The district court judge, the Hon. Amy Totenberg, will preside over the case, which can be found at No. 1:17-CR-00234. There are no pending deadlines or events on the docket at present.
Posted On Friday, September 29, 2017
What Happened?
In a brief filed September 27, the Department of Justice urged the Supreme Court to allow law enforcement to access historical cellphone location information without a warrant.
The Rundown
In June, the Supreme Court granted certiorari in Carpenter v. U.S., 16-402, which challenges the Sixth Circuit’s classification of cell-site location information as business records not subject to the Fourth Amendment’s warrant requirement. Carpenter, represented by the ACLU, argued in his opening brief that courts should require law enforcement to obtain a warrant in order to access cell-site location information because this information provides a detailed itinerary of where a person has been and the people he has been with. According to Carpenter, “[t]racing a person’s geographical movements reveals highly sensitive personal information, and prior to the digital age, people reasonably expected that police in most investigations would not have followed a person and recorded her every movement for days or weeks on end.” Carpenter argues that this same reasonable expectation of privacy analysis must also apply to cell-site location information.

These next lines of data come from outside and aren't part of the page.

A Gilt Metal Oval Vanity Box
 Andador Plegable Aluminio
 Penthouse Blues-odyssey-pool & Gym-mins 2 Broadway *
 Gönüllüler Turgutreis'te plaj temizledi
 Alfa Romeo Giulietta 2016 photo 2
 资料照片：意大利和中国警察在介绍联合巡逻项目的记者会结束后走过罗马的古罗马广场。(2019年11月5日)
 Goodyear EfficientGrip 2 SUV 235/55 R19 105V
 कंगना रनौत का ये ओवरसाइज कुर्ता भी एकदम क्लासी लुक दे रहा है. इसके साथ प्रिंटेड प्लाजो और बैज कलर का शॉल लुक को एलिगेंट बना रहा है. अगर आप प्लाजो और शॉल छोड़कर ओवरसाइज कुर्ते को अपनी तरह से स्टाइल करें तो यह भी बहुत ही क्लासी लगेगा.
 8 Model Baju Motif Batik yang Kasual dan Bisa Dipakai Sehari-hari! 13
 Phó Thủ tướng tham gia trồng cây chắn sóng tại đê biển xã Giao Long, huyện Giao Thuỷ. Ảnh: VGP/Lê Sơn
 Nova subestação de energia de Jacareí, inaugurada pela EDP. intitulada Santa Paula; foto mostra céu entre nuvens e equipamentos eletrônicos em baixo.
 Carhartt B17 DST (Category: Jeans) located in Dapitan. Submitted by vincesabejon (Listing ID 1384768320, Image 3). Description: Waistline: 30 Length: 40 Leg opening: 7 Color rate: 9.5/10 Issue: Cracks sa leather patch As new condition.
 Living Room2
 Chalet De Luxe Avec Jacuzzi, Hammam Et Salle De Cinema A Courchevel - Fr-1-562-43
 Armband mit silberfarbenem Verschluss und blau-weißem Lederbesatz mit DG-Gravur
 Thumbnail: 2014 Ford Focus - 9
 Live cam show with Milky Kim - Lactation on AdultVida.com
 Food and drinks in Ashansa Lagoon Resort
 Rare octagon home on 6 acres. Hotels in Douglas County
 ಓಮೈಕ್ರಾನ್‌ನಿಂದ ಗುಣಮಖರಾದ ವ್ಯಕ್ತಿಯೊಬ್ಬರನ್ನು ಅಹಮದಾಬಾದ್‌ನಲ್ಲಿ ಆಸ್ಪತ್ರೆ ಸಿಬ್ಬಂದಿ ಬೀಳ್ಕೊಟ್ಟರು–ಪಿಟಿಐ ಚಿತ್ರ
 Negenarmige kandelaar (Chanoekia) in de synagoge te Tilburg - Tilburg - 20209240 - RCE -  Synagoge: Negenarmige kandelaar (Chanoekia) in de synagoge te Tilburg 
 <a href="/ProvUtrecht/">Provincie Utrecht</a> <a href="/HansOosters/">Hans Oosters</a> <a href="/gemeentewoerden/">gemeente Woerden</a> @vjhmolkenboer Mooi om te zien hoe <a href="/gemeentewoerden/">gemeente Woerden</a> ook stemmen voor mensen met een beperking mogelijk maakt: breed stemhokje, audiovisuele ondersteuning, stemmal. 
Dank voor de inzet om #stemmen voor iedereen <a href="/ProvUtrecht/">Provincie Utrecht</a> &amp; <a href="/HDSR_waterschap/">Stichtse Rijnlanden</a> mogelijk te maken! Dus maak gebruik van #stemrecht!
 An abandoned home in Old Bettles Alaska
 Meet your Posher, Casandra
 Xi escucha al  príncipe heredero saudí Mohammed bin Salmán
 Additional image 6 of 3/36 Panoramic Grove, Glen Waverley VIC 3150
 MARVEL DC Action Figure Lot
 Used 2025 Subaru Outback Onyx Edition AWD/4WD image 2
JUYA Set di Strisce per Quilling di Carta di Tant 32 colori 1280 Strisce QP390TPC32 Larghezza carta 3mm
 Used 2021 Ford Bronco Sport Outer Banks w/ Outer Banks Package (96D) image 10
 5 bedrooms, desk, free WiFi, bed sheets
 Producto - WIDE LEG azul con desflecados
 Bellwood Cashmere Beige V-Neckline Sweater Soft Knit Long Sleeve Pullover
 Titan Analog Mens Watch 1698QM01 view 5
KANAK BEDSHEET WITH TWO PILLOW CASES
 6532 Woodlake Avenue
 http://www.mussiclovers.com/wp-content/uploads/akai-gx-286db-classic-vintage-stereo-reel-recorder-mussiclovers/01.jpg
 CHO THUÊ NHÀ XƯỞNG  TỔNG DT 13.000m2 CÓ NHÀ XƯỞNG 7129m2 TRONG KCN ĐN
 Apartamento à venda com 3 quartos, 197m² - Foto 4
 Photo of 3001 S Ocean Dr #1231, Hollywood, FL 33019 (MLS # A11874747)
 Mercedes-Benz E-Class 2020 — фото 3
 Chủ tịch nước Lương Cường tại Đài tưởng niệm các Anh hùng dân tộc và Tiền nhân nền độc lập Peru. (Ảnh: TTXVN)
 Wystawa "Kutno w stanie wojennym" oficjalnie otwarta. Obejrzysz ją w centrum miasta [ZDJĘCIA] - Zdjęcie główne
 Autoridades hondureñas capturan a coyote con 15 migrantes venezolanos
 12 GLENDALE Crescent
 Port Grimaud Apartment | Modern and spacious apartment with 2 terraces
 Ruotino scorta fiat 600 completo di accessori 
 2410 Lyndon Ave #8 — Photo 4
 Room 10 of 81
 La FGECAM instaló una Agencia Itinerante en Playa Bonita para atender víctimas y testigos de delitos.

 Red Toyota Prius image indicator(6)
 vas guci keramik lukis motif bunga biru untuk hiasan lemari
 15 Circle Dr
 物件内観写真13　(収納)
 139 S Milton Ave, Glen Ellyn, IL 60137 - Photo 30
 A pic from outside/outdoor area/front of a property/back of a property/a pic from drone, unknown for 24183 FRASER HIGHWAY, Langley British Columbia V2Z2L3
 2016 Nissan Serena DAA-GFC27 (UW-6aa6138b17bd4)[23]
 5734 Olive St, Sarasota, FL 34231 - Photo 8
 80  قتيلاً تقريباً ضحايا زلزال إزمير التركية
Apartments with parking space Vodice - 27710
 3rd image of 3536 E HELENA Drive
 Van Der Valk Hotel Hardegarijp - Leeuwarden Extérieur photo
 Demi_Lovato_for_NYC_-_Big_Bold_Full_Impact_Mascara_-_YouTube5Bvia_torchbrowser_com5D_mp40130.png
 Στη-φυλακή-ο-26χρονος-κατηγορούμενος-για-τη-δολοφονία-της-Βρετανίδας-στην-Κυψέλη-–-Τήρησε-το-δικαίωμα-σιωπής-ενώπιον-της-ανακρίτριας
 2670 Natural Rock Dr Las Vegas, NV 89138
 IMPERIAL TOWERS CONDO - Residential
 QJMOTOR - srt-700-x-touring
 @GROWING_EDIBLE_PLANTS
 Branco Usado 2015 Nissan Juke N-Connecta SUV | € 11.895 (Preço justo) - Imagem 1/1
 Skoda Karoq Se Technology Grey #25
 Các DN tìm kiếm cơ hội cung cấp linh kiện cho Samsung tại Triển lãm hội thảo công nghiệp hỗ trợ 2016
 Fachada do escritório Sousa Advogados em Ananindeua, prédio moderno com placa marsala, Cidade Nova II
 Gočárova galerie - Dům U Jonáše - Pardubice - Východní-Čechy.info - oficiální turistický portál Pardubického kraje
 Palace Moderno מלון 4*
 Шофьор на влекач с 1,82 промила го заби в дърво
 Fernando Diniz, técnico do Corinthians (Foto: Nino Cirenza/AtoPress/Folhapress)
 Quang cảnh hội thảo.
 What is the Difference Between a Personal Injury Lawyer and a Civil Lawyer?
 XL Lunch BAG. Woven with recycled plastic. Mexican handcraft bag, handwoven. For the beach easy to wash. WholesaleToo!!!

The government, on the other hand, contends that cellphone users “voluntarily reveal to their providers information about their proximity to cell towers so the providers can connect their calls” and therefore “[u]sers cannot reasonably expect that the providers will not reveal that business information to the government.” In the absence of any legitimate expectation of privacy in this information, DOJ argued, the government can access this information without implicating the Fourth Amendment. DOJ relied on Supreme Court cases from the 1970s holding that Fourth Amendment protections do not apply to third party records containing non-content information about an individual. The government contrasted cell-site information with email (which the Fourth Amendment protects) explaining that “[e]mail is routed through a provider, and its contents, like those of a sealed letter in the mail, may remain private,” but “because cell tower information is sent to the provider and used in its own business; it falls within the traditional third party doctrine.”
Multiple companies in the technology industry have also weighed in. Apple, Facebook, Google, Twitter, Microsoft, Airbnb, Cisco Systems, and Verizon filed amicus briefs in August arguing that law enforcement needs a warrant to obtain historical cellphone location records. These businesses claim that the third party doctrine’s application to today’s increasingly sophisticated tracking technology could “eliminate citizens’ privacy in the modern age.” They argue that “[c]onsumers should not be forced to relinquish Fourth Amendment protections against government intrusion simply by choosing to use [modern cellphone] technologies,” and that “the court should forgo reliance on outmoded rules that make little sense when applied in the digital context.”
What Happens Next
This case will be heard in the Supreme Court’s upcoming term, which starts October 2. A specific date for oral argument has not been set.